● **Brief descriptive captions**:
══════════
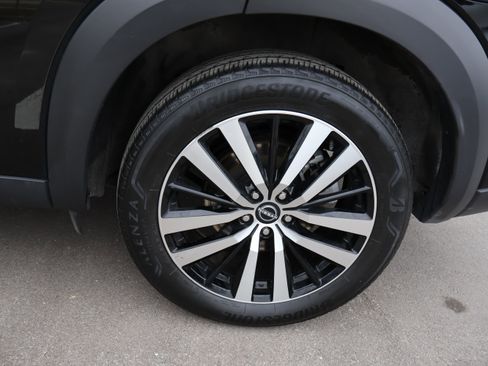 Used 2023 Nissan Pathfinder Platinum image 44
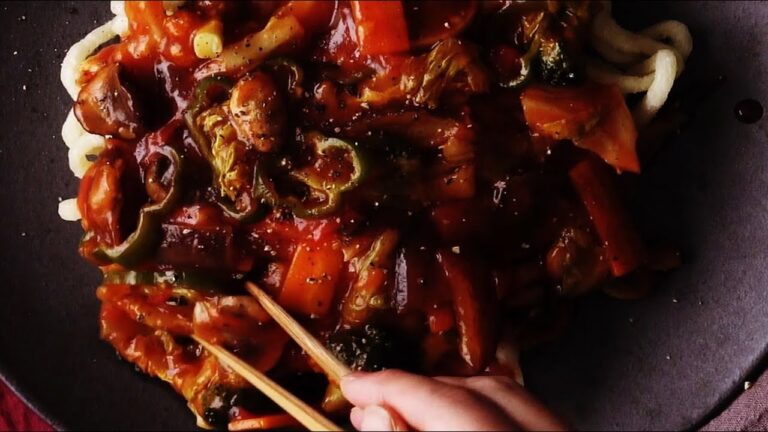 【野菜たっぷり】甘酢あんかけのもちもちアゲうどん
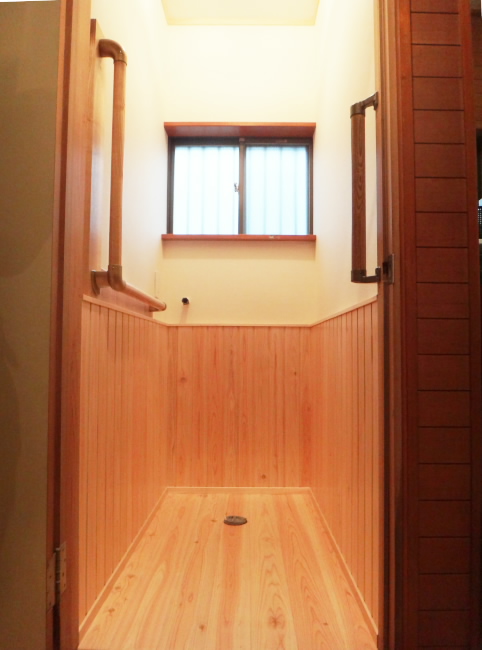 M様邸トイレ改装工事_c0184295_15333919.jpg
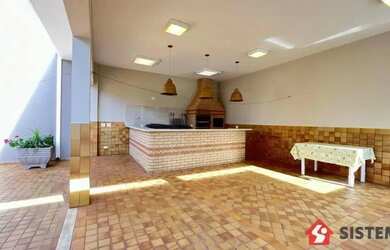 Imagem: A casa possui 4 Dormitórios, 5 Banheiros, 4 Vagas na garagem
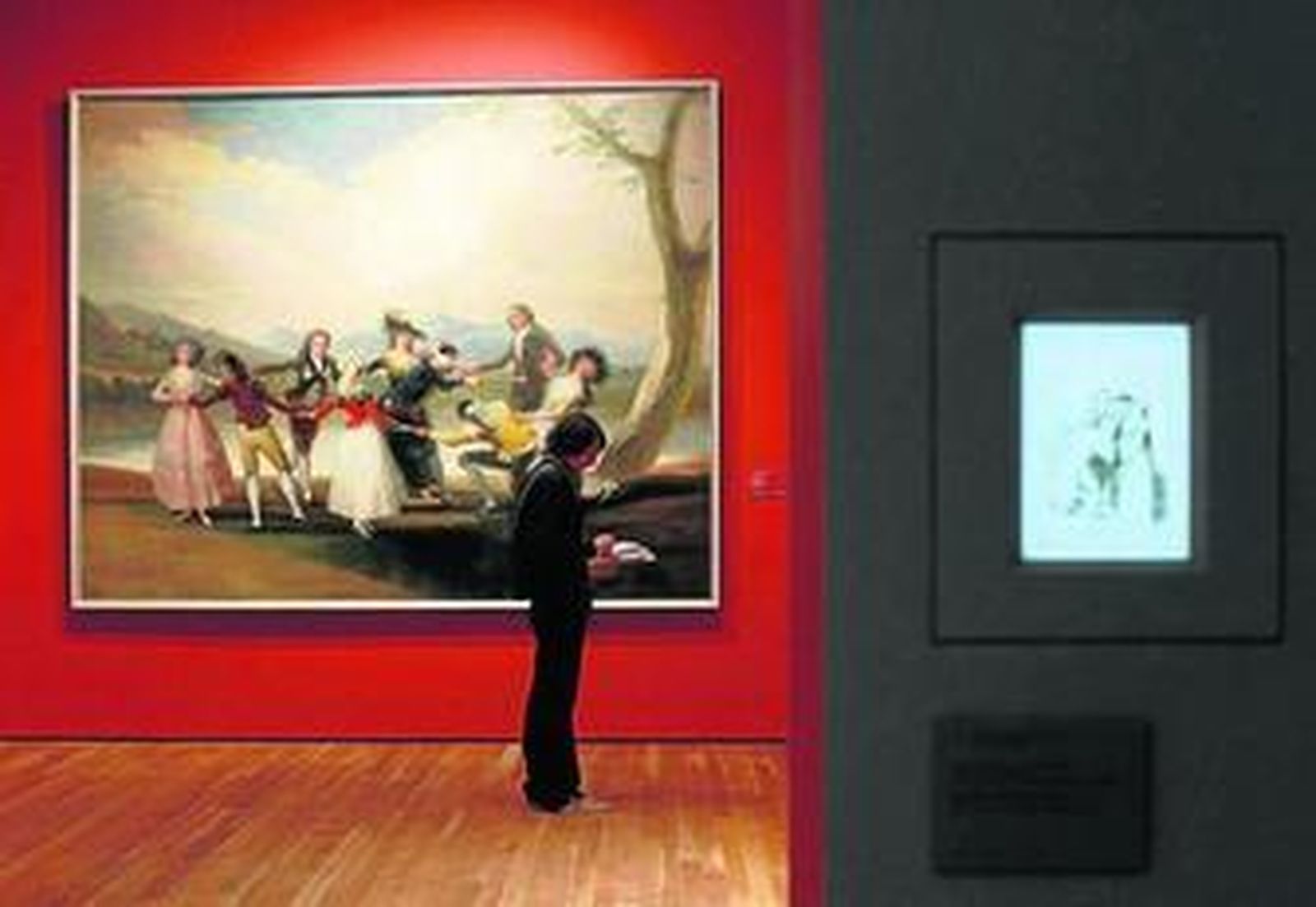 1. Ante 'La gallina ciega' (1788), a la que antecede un aguafuerte de la serie de los 'Caprichos'.  2. Radiografías y estudio técnico del restaurado cartón 'Cazador cargando su escopeta', que dialoga con la escultura romana 'El fauno del cabrito'. 3. El lienzo 'Carlos III, cazador', h. 1787.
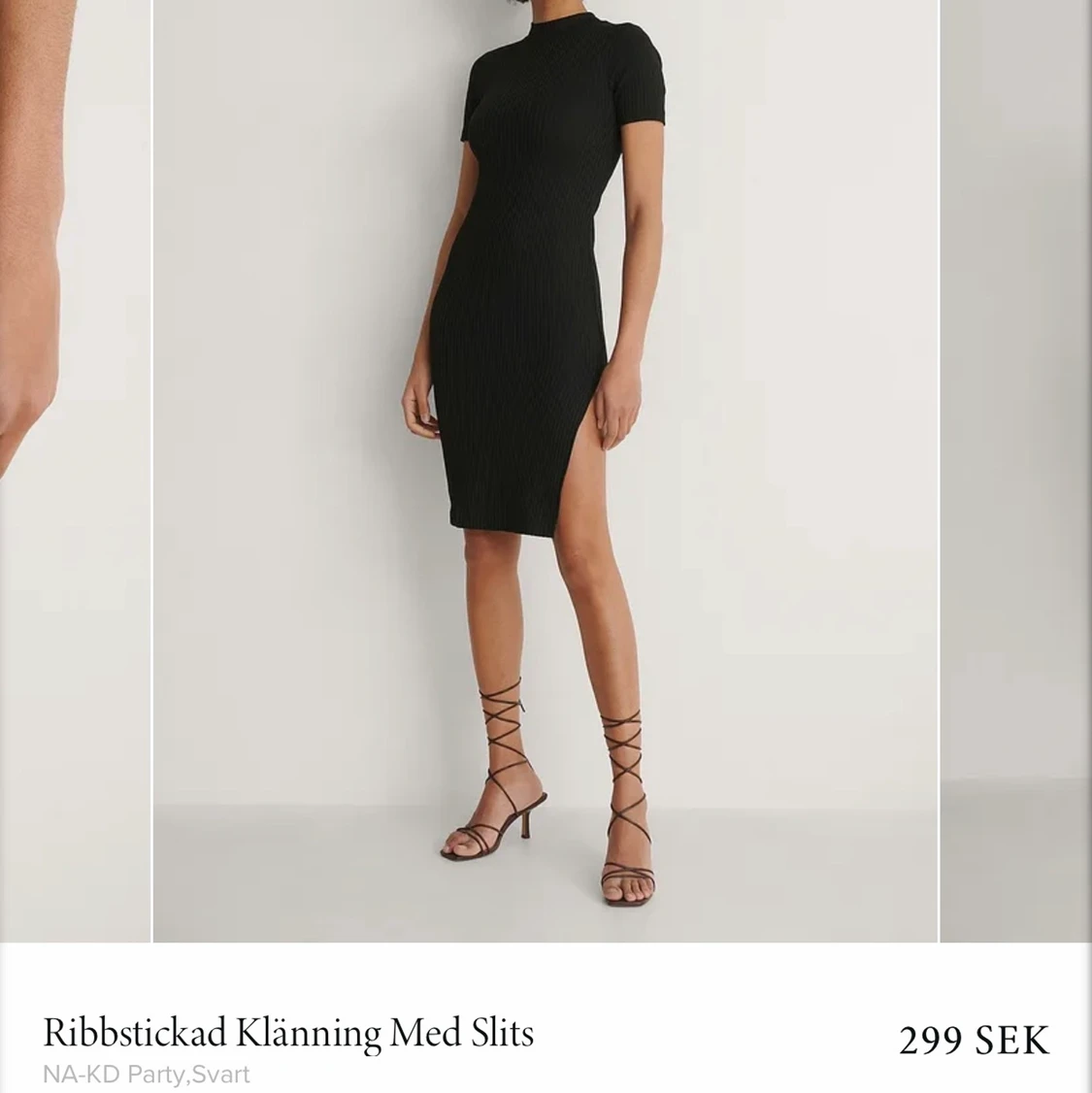 Oanvänd ribbad klänning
══════════
● **WORK INSTRUCTIONS**:
Give back every record above word for word; the pictures have no place in it.

● **TASK SOLUTION**:
 Used 2023 Nissan Pathfinder Platinum image 44
 【野菜たっぷり】甘酢あんかけのもちもちアゲうどん
 M様邸トイレ改装工事_c0184295_15333919.jpg
 Imagem: A casa possui 4 Dormitórios, 5 Banheiros, 4 Vagas na garagem
 1. Ante 'La gallina ciega' (1788), a la que antecede un aguafuerte de la serie de los 'Caprichos'.  2. Radiografías y estudio técnico del restaurado cartón 'Cazador cargando su escopeta', que dialoga con la escultura romana 'El fauno del cabrito'. 3. El lienzo 'Carlos III, cazador', h. 1787.
 Oanvänd ribbad klänning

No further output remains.